Артем Рыбаков - Переиграть войну! В «котле» времени
— Курсант Кудряшов, встаньте!
Тот нехотя встал. А я повесил карабин на правое плечо и продолжил:
— Представьте, что вы меня встретили в лесу и решили задержать. Причем я был настолько невнимателен, что позволил одному из вас зайти себе за спину. Как видите, оружие у меня на плече, а у вас — в руках. Что я могу, по-вашему, сделать?
— Нууу, — протянул Кудряшов, — винтовку с плеча снять?
— Верно. Но это можно сделать по-разному. Можно так…
Я продемонстрировал уставной способ — «за ремень».
— А можно так.
Качнувшись назад, я взялся за шейку приклада и крутанул винтовку вокруг плеча так, что конец ствола пролетел в паре сантиметров от лица Юрина, заставив того в испуге отшатнуться. Сам же я парой мелких, семенящих шагов сместился в сторону, так что в конце трюка ствол карабина артиллериста смотрел на опешившего сержанта, а мой ствол целил точно в грудь Кудряшова.
— Эк вы ловко-то, — одобрительно крякнул Несвидов.
Надо сказать, что подобное скидывание «мосинки» я нарабатывал еще в своем времени, благо, на охоту я езжу и разрешение на нарезной ствол имею.

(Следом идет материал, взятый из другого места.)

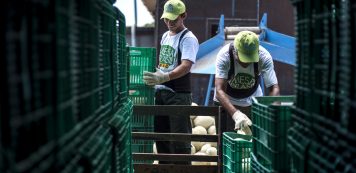 Mesa Brasil Sesc arrecada mais de 100 toneladas de alimentos em pouco mais de duas semanas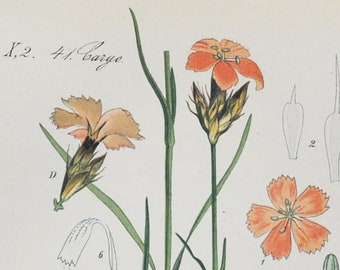 Carthusian Pink Print - Original Antique Botanical Print 1880s - Dianthus carthusianorum (plant flower garden seed herb perennial belgium)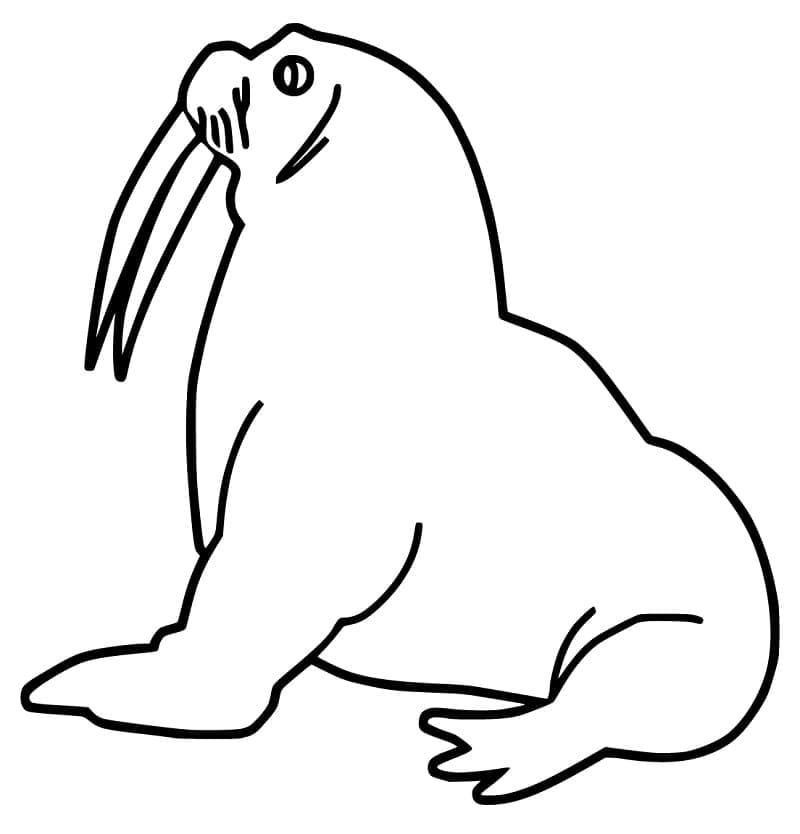 Helppo mursu Värityskuva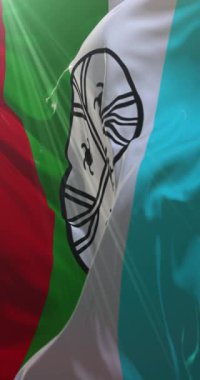 Huenteche bölge bayrağı. Döngü. 4K Dikey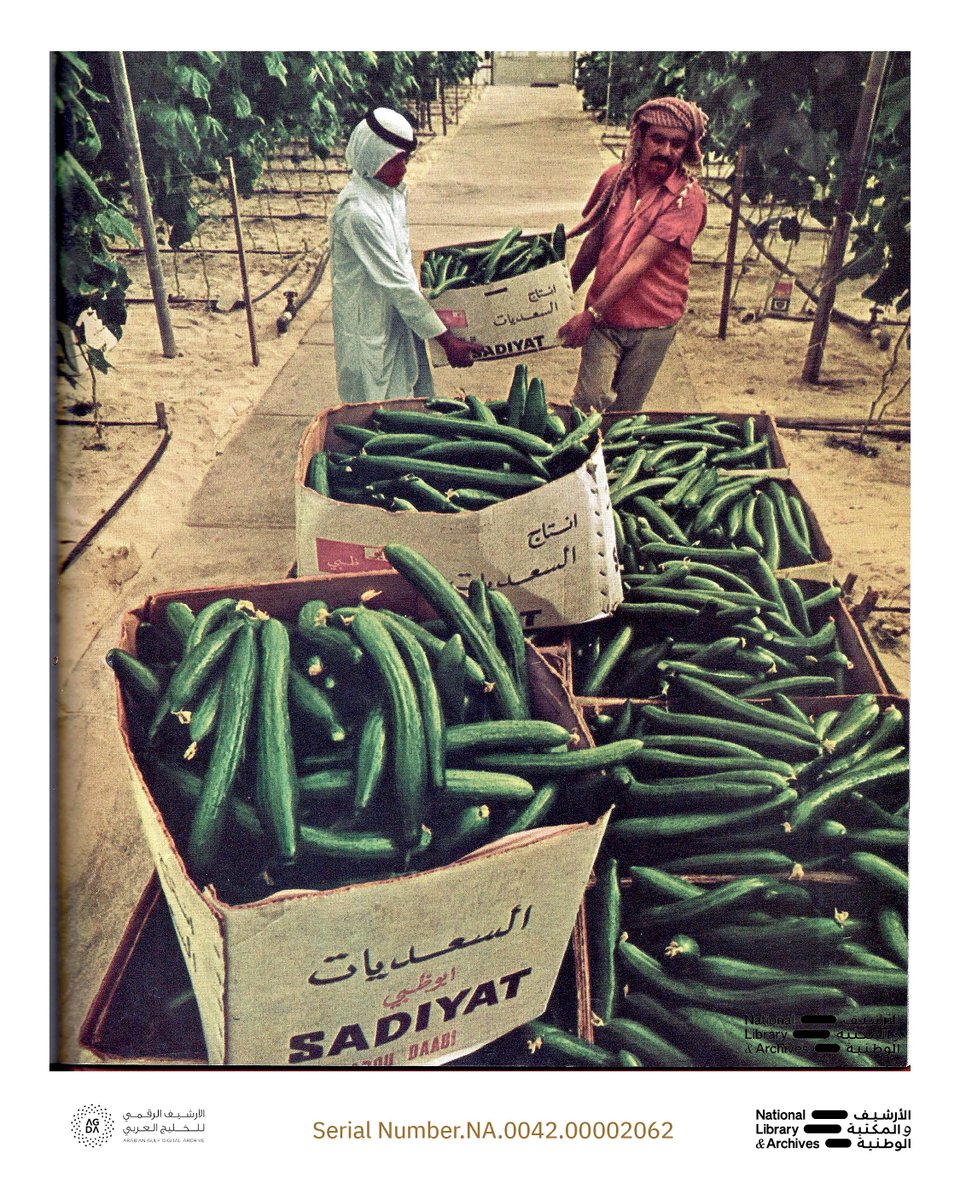 AeAgda's tweet image. Cucumber in the agricultural greenhouse on Saadiyat Island, Emirate of Abu Dhabi.

Dr. Merle Jensen © National Library and Archives

please visit the online exhibitions at AGDA.ae.
#NationalLibraryandArchives #AGDA  #Saadiyat #nlauae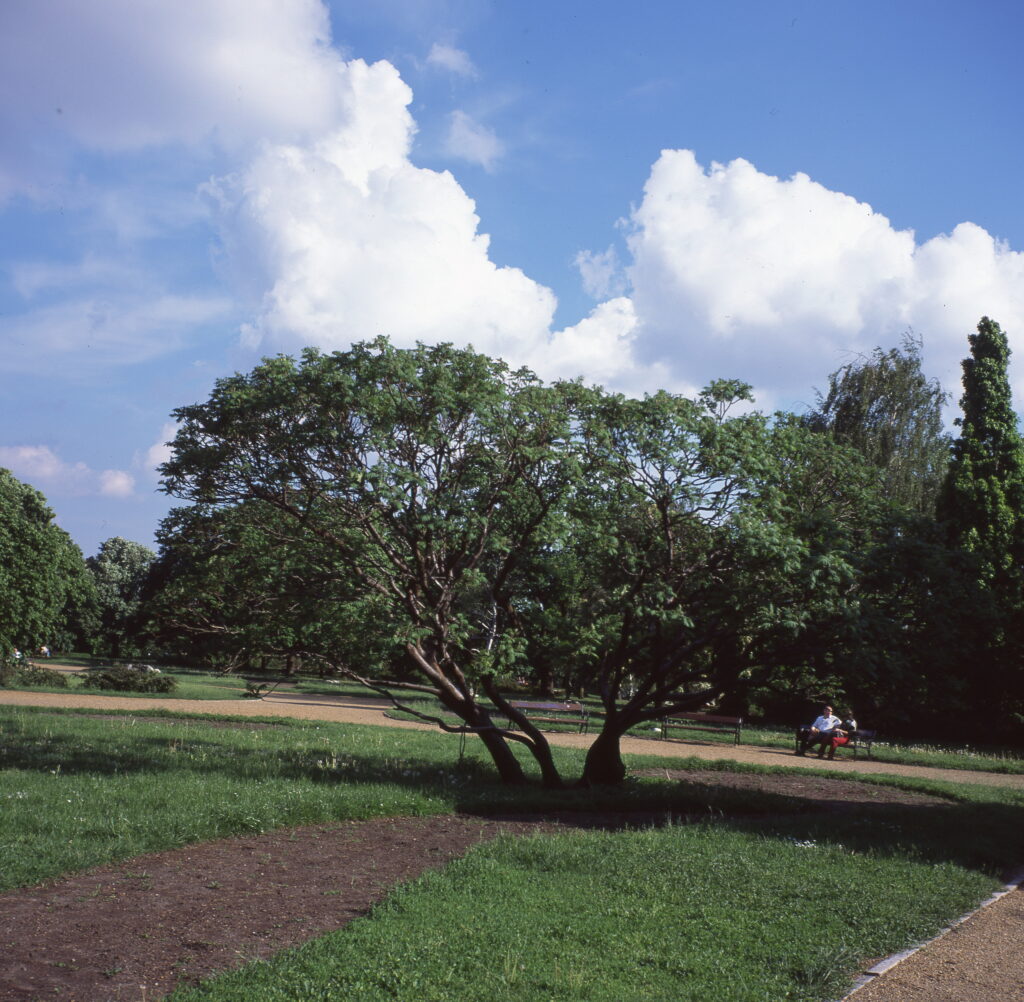 Zeiss Ikon Nettar Novar Anastigmat 7,5cm f3.5-7397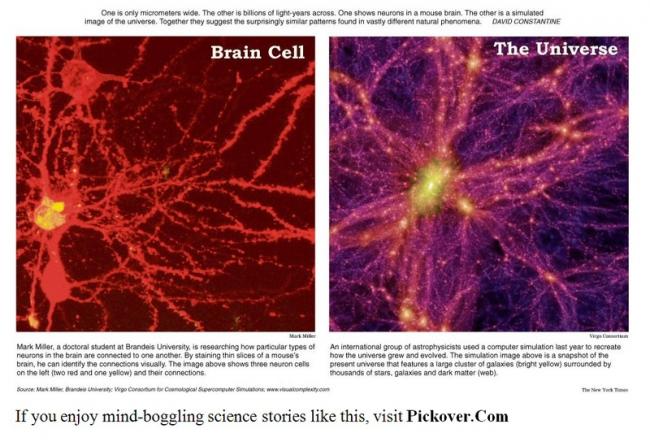 科学 大脳と宇宙は酷似していることが判明 不思議 Net 科学 大脳と宇宙は酷似していることが判明 不思議 Net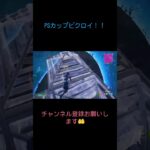 PSカップビクロイ‼️ #fortnite #クリップ集 #フォートナイトキル集 #フォートナイト #かっこいいキル集 #fortniteclips #キルショット #shortvideo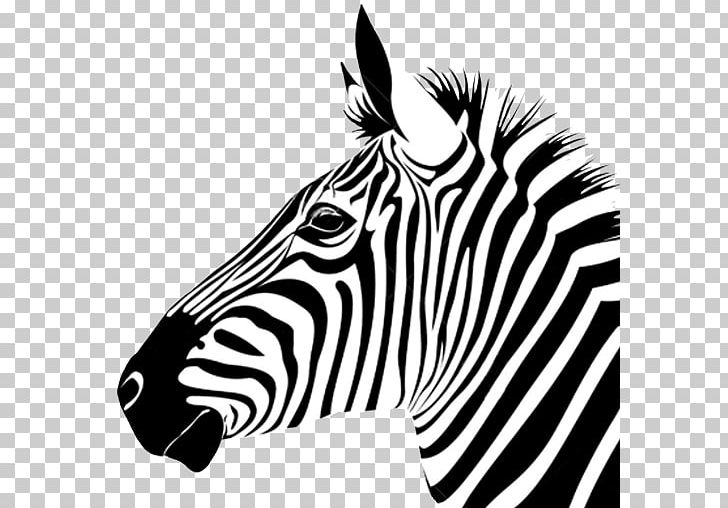 T-shirt Zebra Horse Zazzle Clothing PNG, Clipart, Animal, Animal Print, Black And White, Clothing, Embroidery Free PNG Download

Мне этот трюк показал один егерь во время охоты на Енисее. А ему, как он сказал, показал его дед-казак.
— Сам понимаешь, если правильно делать, у тебя синяк под глазом будет… — Это я Юрину.
— Итак, я всего лишь сделал три шага и два раза двинул рукой, а из проблемной ситуации выкрутился!
— Ну а еще что-нибудь? — раздался голос кого-то из зрителей.
На этот раз я вызвал поассистировать мне Зельца и Дроздова — того окруженца, что с подбитым глазом сидел в сарае.
— Новая вводная. Предположим, вашим соратникам удалось меня обезоружить, а вам надо меня препроводить, ну, допустим, в дверь.
Я жестами попросил зрителей раздвинуться на пару метров.
— Вот дверь. — И я указал на разрыв.
— А ну пошел! — И Дроздов пихнул меня винтовкой.
«Ох, паря, не знаешь ты, что такое туйшоу из тайцзи-цюань!» — подумал я, присаживаясь и мягко «подправляя» направление толчка. Споткнувшись о меня, боец полетел вперед, но, дернув за ствол его карабина, я изменил траекторию его полета так, что он врезался в Дымова, и они оба рухнули на не успевшего отскочить Юрина. Пока они атлетически барахтались в партере, я перехватил карабин поудобнее и два раза передернул затвор.
— Надеюсь, что демонстрация вам понравилась. А теперь пойдемте учиться. Кстати, кувыркаться все умеют? Нет? Сейчас научимся.
Но тут другой артиллерист поднял руку, явно собираясь задать мне вопрос.
— Да. Вы что-то хотели спросить?
Тот вскочил на ноги и, вытянувшись, сказал:
— Ефрейтор Чернов! — И, заметив, что я одобрительно кивнул, он продолжил: — Товарищ старший лейтенант, а я вот боксом занимался. Сможете меня одолеть?
«Ну ни фига себе заявочки! — мелькнуло у меня в голове. — Хотя, если он мастер спорта или чемпион какой, то противник может оказаться непростой». Много лет занимаясь рукомашествами и не забывая о дрыгоножествах, к боксерам я относился весьма уважительно, ведь, в отличие от «гимнастических эстетов» и «астральных каратистов», во множестве расплодившихся в залах и секциях восточных единоборств, боксеры не слова говорили, а делали дело.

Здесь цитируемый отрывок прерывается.